WHAT THE TASK REQUIRES: Within the data below, copy each line where the string "Right" is found.

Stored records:
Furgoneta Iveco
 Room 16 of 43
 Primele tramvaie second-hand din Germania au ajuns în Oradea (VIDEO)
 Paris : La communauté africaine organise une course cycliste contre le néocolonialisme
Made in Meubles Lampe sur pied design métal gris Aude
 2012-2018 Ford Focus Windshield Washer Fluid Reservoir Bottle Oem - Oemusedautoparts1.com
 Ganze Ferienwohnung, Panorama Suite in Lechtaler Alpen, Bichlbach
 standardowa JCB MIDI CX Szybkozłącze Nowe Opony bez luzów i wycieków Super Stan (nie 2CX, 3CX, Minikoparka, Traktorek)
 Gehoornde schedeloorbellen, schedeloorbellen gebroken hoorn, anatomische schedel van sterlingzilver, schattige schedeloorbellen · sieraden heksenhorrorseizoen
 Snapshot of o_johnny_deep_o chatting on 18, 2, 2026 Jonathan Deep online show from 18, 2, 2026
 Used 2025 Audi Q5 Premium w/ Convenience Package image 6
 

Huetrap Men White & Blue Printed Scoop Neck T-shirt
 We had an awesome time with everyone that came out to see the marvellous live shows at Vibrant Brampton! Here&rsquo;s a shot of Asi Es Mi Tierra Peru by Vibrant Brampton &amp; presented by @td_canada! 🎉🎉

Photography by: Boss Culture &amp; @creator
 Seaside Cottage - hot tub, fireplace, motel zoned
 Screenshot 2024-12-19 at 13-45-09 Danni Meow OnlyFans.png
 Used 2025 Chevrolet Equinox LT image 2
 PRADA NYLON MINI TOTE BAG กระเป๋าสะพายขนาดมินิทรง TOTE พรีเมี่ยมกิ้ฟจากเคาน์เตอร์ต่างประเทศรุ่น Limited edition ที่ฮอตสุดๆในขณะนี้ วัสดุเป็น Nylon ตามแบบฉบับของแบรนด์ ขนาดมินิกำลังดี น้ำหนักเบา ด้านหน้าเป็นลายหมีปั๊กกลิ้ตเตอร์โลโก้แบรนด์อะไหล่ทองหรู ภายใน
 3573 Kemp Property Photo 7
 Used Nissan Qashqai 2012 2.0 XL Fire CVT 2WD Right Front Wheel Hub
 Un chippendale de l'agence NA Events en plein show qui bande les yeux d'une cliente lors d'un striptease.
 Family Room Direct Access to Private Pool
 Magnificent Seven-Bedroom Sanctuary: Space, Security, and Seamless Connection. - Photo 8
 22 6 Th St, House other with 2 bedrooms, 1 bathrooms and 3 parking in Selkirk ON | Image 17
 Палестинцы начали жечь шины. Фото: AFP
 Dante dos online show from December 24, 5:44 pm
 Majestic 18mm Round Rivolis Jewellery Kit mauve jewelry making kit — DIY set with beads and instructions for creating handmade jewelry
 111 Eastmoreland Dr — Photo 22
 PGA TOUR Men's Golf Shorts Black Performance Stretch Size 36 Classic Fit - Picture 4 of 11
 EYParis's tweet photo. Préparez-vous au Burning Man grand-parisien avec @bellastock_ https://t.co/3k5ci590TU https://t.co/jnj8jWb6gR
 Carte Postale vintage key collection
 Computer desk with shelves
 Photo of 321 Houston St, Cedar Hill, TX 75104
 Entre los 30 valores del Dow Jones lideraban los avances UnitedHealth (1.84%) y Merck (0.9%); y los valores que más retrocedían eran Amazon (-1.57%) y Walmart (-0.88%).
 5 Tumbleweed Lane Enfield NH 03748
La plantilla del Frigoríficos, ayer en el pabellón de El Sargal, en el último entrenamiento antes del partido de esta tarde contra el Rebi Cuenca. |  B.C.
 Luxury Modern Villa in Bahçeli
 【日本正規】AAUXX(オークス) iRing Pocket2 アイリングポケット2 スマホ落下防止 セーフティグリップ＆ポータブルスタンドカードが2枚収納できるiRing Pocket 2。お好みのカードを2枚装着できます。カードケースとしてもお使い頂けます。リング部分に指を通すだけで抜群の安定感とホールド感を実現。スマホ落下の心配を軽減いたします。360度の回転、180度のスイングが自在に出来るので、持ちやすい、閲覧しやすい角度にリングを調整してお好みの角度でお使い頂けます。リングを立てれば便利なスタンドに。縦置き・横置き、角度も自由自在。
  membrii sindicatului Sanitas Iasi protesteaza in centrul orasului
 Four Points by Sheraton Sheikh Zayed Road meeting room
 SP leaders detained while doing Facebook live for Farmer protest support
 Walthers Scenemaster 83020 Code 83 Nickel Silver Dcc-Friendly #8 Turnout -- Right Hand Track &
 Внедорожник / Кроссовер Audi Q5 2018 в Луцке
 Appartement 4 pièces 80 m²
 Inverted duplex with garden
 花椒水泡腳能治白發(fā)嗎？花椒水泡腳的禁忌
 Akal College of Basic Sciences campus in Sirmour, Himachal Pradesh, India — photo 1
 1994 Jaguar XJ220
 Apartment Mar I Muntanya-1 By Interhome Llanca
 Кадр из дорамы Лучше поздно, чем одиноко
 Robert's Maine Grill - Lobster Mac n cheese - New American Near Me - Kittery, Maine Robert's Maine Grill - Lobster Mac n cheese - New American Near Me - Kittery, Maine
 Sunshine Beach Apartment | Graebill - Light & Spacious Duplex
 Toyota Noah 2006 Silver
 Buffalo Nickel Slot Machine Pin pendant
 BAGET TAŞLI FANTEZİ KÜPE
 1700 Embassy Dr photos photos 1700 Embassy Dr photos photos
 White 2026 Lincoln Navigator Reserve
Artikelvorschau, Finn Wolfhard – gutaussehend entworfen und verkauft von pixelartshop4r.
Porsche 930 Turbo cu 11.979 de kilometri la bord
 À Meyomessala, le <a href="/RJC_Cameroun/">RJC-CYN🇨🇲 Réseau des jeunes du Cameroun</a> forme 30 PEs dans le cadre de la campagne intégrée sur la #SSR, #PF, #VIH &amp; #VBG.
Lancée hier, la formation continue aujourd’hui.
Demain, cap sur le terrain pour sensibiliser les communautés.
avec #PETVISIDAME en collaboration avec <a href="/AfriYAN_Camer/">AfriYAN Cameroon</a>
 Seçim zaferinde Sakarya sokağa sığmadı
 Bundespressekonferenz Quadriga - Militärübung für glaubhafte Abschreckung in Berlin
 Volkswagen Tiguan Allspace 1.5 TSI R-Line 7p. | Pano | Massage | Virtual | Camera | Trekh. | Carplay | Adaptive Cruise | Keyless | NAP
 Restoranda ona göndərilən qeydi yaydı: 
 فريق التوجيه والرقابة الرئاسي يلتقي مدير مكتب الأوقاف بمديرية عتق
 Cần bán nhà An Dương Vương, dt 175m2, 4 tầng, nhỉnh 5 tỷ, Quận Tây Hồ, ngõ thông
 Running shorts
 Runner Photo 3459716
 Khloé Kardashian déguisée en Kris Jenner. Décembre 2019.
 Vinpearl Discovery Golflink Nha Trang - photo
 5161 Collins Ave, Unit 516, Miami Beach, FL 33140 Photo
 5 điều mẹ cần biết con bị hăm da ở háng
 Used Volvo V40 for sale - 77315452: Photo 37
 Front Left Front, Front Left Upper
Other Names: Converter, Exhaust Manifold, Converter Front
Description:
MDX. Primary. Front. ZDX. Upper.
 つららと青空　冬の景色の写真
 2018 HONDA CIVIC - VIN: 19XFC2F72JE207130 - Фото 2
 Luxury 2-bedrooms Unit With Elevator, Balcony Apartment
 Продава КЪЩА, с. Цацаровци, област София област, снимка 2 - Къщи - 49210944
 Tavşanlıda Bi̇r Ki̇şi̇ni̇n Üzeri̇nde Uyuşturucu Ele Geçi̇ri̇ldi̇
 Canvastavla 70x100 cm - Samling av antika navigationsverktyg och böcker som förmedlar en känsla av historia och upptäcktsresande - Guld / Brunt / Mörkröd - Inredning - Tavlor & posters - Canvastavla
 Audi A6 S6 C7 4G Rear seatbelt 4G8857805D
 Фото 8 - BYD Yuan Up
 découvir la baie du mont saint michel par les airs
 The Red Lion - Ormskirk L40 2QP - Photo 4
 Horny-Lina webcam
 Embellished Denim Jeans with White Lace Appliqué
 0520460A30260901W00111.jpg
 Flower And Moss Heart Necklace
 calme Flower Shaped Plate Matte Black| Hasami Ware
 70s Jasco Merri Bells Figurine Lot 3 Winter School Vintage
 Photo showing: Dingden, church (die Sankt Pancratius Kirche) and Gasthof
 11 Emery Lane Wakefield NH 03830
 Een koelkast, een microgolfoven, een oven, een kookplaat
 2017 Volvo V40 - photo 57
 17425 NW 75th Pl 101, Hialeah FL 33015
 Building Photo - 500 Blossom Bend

RESPONSE AREA:
 Used Nissan Qashqai 2012 2.0 XL Fire CVT 2WD Right Front Wheel Hub
 Walthers Scenemaster 83020 Code 83 Nickel Silver Dcc-Friendly #8 Turnout -- Right Hand Track &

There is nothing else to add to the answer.